Aussi j’éprouvai un tressaillement de joie en voyant entrer M. Dolfin ; j’étais heureuse que quelqu’un vînt me disputer et m’arracher pour quelques instants à moi-même ; j’étais heureuse aussi d’avoir deviné qu’il viendrait ; il me semblait que mon âme avait des communications secrètes avec une autre âme et que nous étions au moins deux dans le désert de la vie.
« Je tiens mal mes serments, madame, me dit-il avec un sourire triste ; mais Mme d’Estrel, assaillie, je pense, de nouvelles requêtes de ma mère, m’a écrit une longue lettre où elle m’expose toutes ses objections à ce qu’elle appelle ma folie. Je m’étais mis en route pour aller la voir ; chemin faisant, j’ai réfléchi que probablement elle ne comprendrait guère ce que j’allais lui dire. C’est à vous seule, madame, que je puis ouvrir mon cœur. Peut-être, après m’avoir entendu, consentirez-vous à lui expliquer mes raisons et à plaider ma cause.
— Parlez, monsieur, lui dis-je ; il n’est pas impossible que vous me persuadiez, car je suis tentée de croire que la vraie sagesse a souvent un air de folie et que le monde s’y trompe quelquefois. »
Il demeura un instant silencieux, les yeux baissés.
« Il me semblait, en venant, reprit-il enfin, qu’il m’en coûterait peu de tout vous dire, et voilà que le courage me manque. Ce qui me fait peur, c’est de penser que je vous paraîtrai peut-être ridicule ; ce serait un malheur pour moi, et je ne m’en consolerais pas. Que n’ai-je quelque crime, quelque tragédie à vous raconter, quelque sinistre aventure qui vous ferait pâlir ! « Ame perverse, diriez-vous, allez ensevelir vos remords à la Trappe. » Qui sait ? en me drapant bien dans mes noirceurs, peut-être vous semblerais-je un héros, et quand vous me refuseriez votre admiration, encore aimerais-je mieux vous effrayer que vous faire sourire. Hélas ! je ne suis rien, je n’ai rien fait ; je ne puis trouver dans tout mon passé l’ombre d’un drame ou d’un événement. Dès ma naissance, la vie me fut facile ; enfant gâté de la fortune, je n’eus jamais ni combats à livrer, ni périls à braver, ni sujet de me plaindre de personne. Et cependant, après une enfance heureuse à laquelle tout avait souri, au moment où ma vie était dans toute sa fleur, la tristesse vint à moi, prit mes deux mains dans ses mains froides, et de ce jour elle ne m’a plus quitté. Ah ! madame, le malheur n’est pas dans les choses, il est en nous-mêmes, et il suffit d’un point noir dans notre œil pour que la nuit se fasse autour de nous.

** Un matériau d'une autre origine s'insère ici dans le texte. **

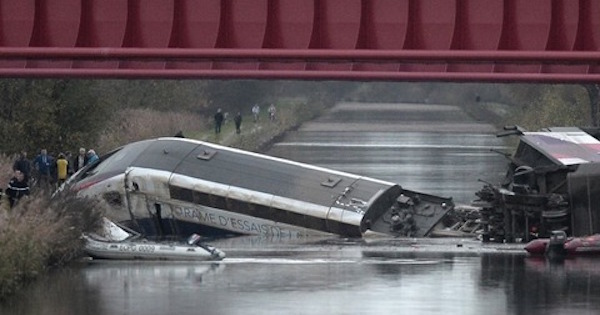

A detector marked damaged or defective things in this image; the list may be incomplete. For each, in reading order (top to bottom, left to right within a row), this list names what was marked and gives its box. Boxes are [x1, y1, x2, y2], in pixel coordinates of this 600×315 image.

broken train wreckage [67, 138, 450, 239]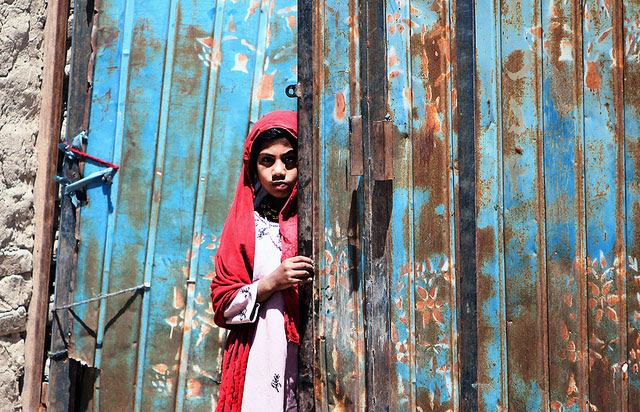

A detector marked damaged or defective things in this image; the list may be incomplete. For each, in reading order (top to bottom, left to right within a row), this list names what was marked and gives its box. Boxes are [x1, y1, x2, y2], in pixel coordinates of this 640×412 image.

orange rust stain [255, 72, 276, 100]
orange rust stain [584, 61, 600, 91]
orange rust stain [424, 97, 440, 133]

« Je crois que j’ai été pétri dans cette argile dont sont également faits les héros et les niais. Ces deux espèces d’hommes se ressemblent un peu, les uns et les autres prennent leur pensée pour la mesure des choses ; mais tandis que les premiers n’ont qu’à frapper la terre du pied pour voir leurs rêves marcher au soleil devant eux, les autres, hommes de néant, se débattent tristement jusqu’à la fin contre la vanité de leurs informes chimères : ils ont beau essayer de tout, tout manque, tout échoue entre leurs mains, la vie se refuse à tout ce qu’ils entreprennent, et ils comptent leurs jours par des desseins avortés et des espérances condamnées. Je suis, hélas ! je le sens bien, de cette race de niais et d’inutiles qui n’ont pas le secret de Dieu et qui meurent sans avoir jeté en terre un seul germe qui ait pris vie. Et pourtant que j’étais intrépide, vaillant et naïf en mon jeune âge ! comme je croyais ingénument en moi-même ! J’avais juré à la face du ciel que j’étais né pour faire de grandes choses ; mais le petit homme eut beau se trémousser, il n’ajouta pas un pouce à sa taille.

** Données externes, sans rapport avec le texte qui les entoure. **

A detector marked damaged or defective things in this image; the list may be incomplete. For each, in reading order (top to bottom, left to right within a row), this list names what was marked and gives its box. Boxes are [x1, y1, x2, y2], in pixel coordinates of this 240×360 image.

« Pourquoi es-tu triste ? me disait-on. Que manque-t-il donc à ton bonheur ? — Mais que m’importait le bonheur ? Mon âme aimante sentait l’ardent besoin de se donner à quelqu’un ou à quelque chose ; elle était avide des sacrifices et des souffrances du dévouement, — et à ce besoin se joignait celui d’une parfaite conséquence dans ma vie. La logique est plus qu’une loi de mon esprit, elle est une passion de mon cœur ; je me promettais d’être toujours d’accord avec moi-même et de ne jamais transiger sur rien ; toute réserve me semblait une infidélité, tout compromis un mensonge, et partant une souillure. Et j’allais ainsi cherchant un maître qui voulût de moi, ou, pour mieux dire, une maîtresse ; mais cette maîtresse, je la cherchais par-delà les nues, dans le pur éther, et je regardais le ciel, attendant qu’il s’ouvrît pour lui donner passage, croyant déjà la voir apparaître dans sa gloire, impatient de lui engager ma foi, l’adorant sans la connaître, résolu à souffrir, et, s’il le fallait, à mourir pour elle.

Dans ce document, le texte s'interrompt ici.